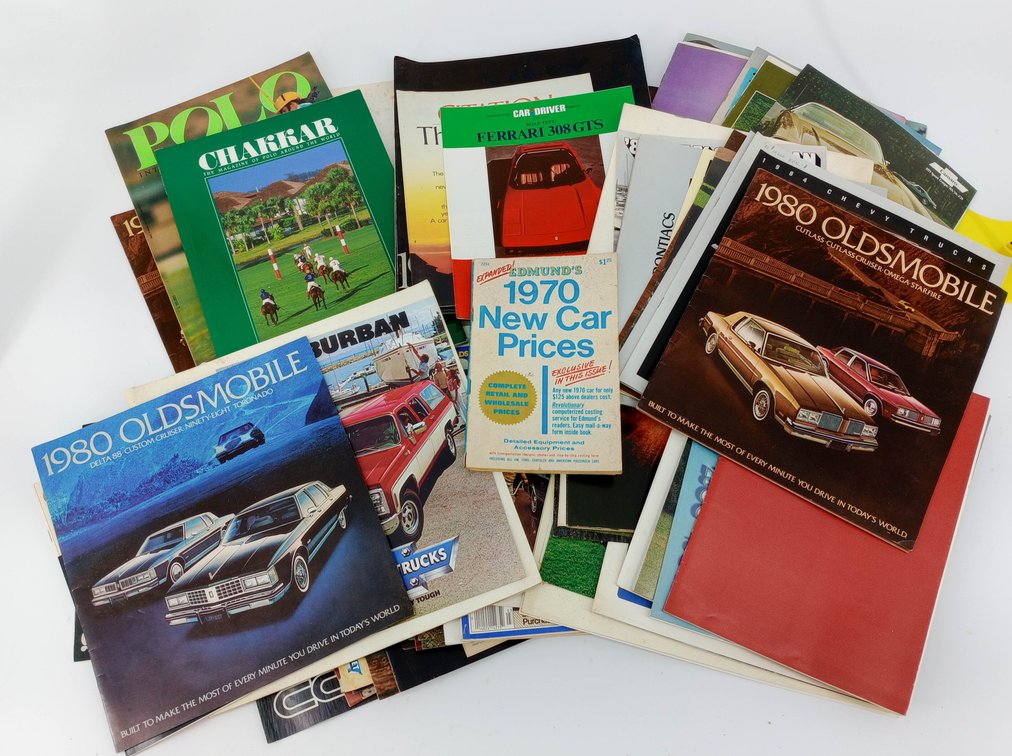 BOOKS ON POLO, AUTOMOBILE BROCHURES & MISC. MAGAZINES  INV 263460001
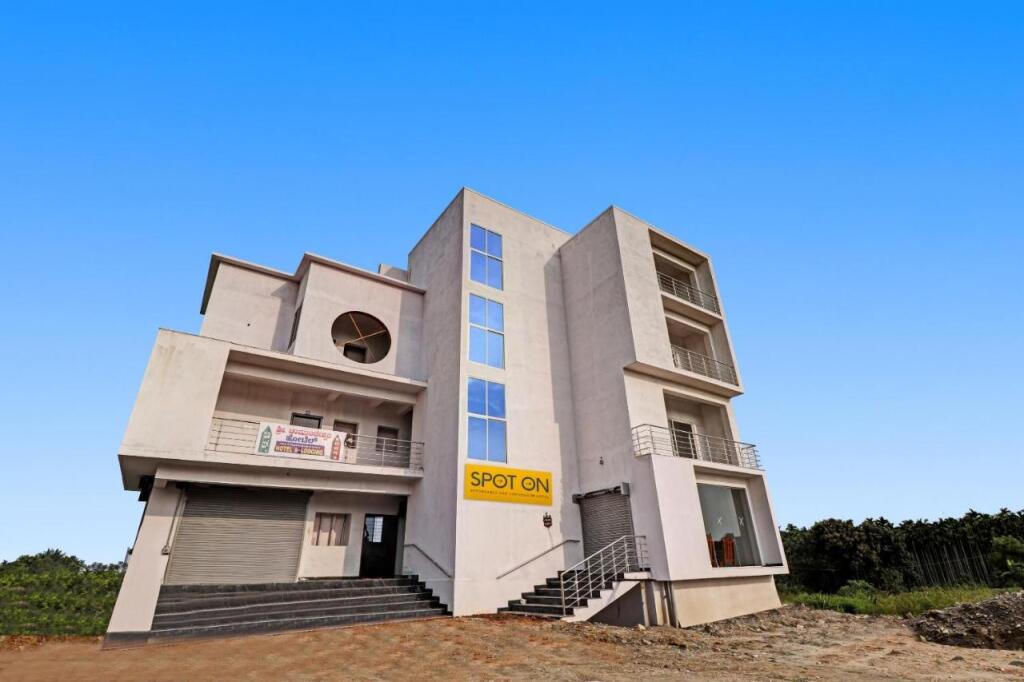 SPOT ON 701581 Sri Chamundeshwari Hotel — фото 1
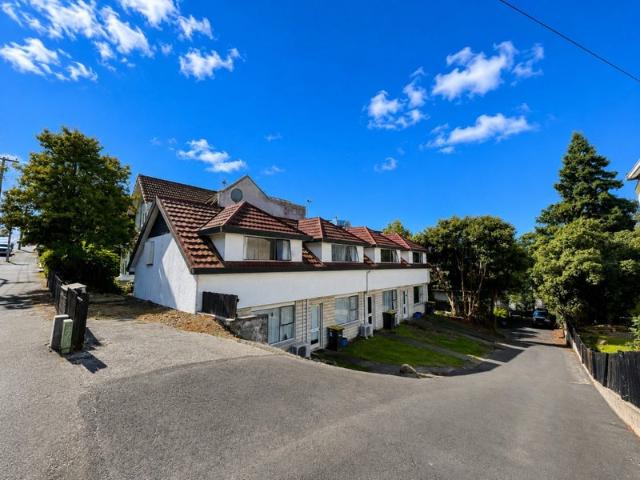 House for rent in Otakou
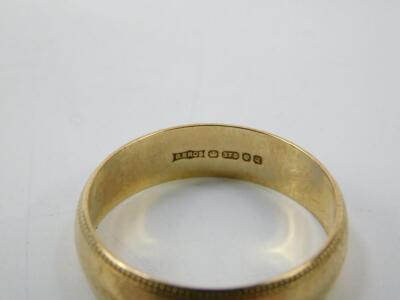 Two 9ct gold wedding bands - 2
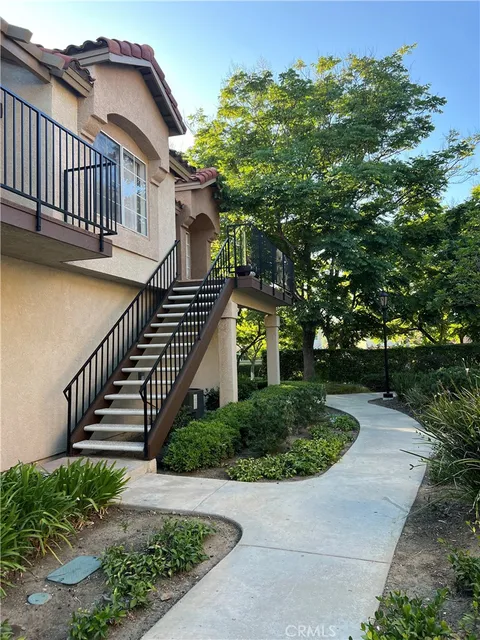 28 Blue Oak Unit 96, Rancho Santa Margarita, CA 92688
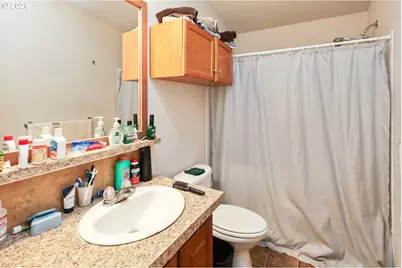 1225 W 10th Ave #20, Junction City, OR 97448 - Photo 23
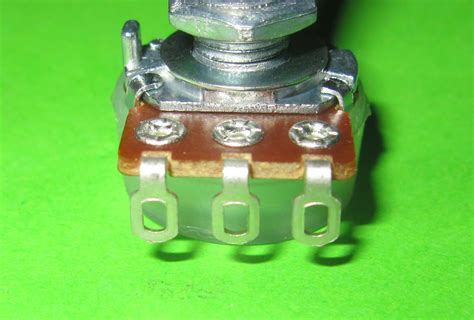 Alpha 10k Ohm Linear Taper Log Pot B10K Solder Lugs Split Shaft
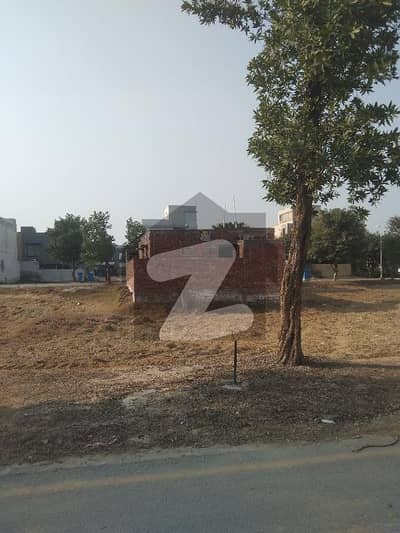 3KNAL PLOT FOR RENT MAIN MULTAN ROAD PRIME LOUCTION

════════════════

- _Aim of the exercise_
Could you write out exactly the lines of the data above that run from the one holding "SPOT ON 701581" to the one holding "Alpha 10k Ohm", with both ends in and all pictures out?

- _Result of this task_
 SPOT ON 701581 Sri Chamundeshwari Hotel — фото 1
 House for rent in Otakou
 Two 9ct gold wedding bands - 2
 28 Blue Oak Unit 96, Rancho Santa Margarita, CA 92688
 1225 W 10th Ave #20, Junction City, OR 97448 - Photo 23
 Alpha 10k Ohm Linear Taper Log Pot B10K Solder Lugs Split Shaft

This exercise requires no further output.